My fan will not turn off, and the consequent breeze is turning my fingers numb. I am wearing three shirts. Socks, even. But I need my hands to type, and I have something that needs saying...

But what?

Lately I falter when at the edge of the summit of my thoughts. As soon as I am resolving, deciding, and formulating a small understanding of the muddle, it slips. Sand through murky water. Sinking unseen.

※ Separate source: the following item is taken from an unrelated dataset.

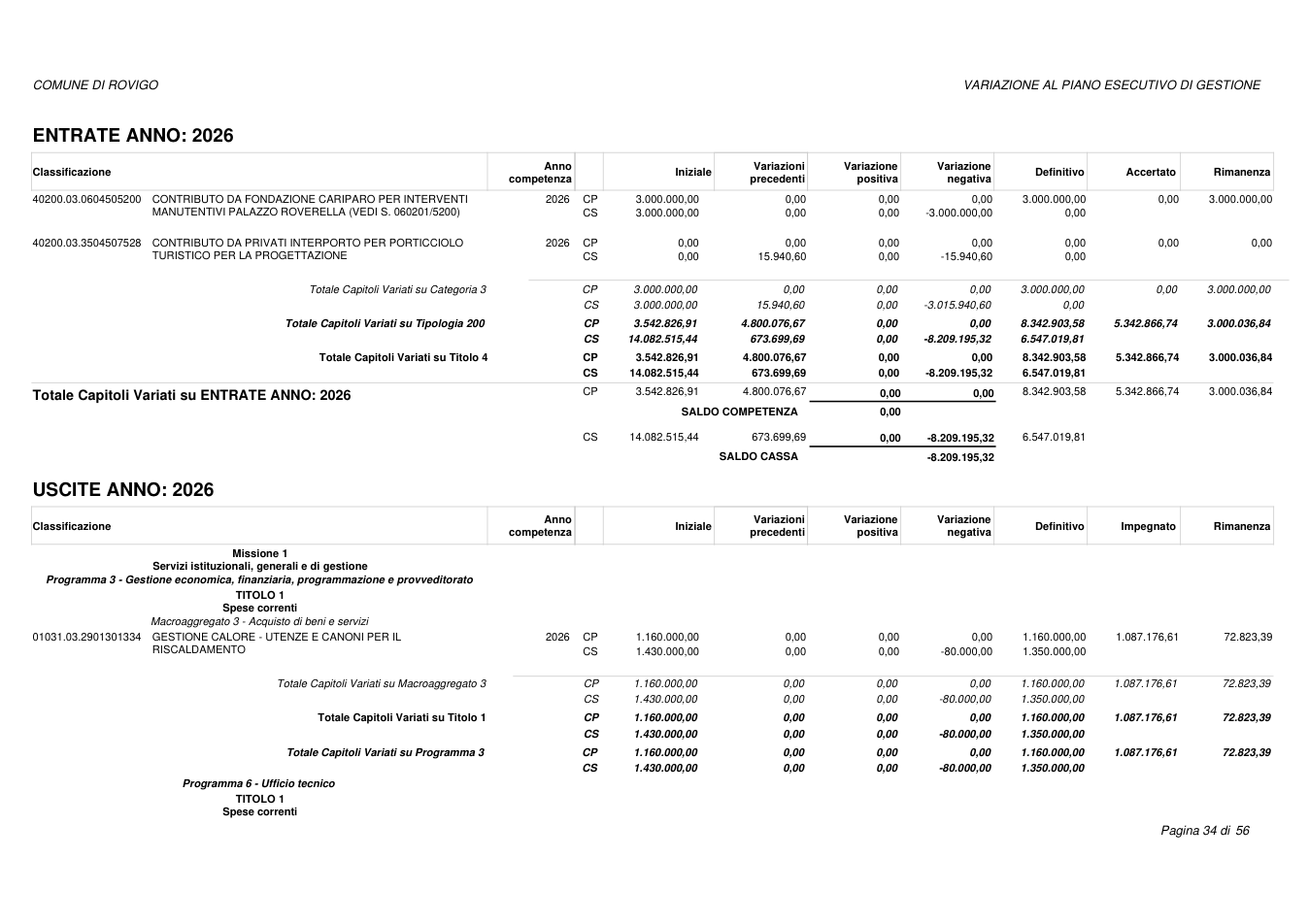 Pagina 34 del documento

I realized today I hate school for the fluorescent lighting. The ceilings that feel at once too high and too low. The entire idea behind the architecture: to create a welcoming learning environment whilst maintaining the apathy of the sterile, governmental look to the building. Make it bearable for 8 hours, but not 10. Certainly not 12. 3 years, not 4. No, but the end of 4 you're sprinting out of the place hoping that it doesn't lash out some sort of fantastic tentacle-like appendage and drag you back to its center. Actually visually that's sort of a funny idea. I'm not making much sense.

I was also thinking about normality, especially in the closed commons during lunch. Zakk slipped into reading today before long, as I was out of words and past forcing them given present situations. I was glad to see the boy with a book anyway. I'm glad to see anyone with one. But looking around at well rounded American teenagers my mind gets inextricably more blown than it did visiting the Hirshhorn Museum last weekend (by the by, if you haven't gone, go.). I wonder what it's like inside of their heads, where school is the first ever present priority and family, friends, boys, church, everything falls in a predetermined order around them. I watched couples, I wondered what it would be like to act so zealously involved in a crowded room, imagining myself in their shoes, attempting to fit myself into their niche. What is it like to not ask the big questions? I'm not trying to generalize, but few I've ever known my own age have asked them. I've spent my entire life with the questions What else? Why not? Why? How? pounding through my head like a steel drum. The concept of not accepting anything easily is the binding on my bones and I'm entirely ignorant of what an existence sans-wondering is like. Is it boring, to live that life? Or would it only be boring for those like myself, who refuse to be content. Are they happy? Do they ask themselves if they're happy?

From the outside looking in, everything seems more simple in life looking around a high school lunch room. Until I realize those lives seem nothing like yours, and are probably nothing like they seem.

I wish I could start running and never stop.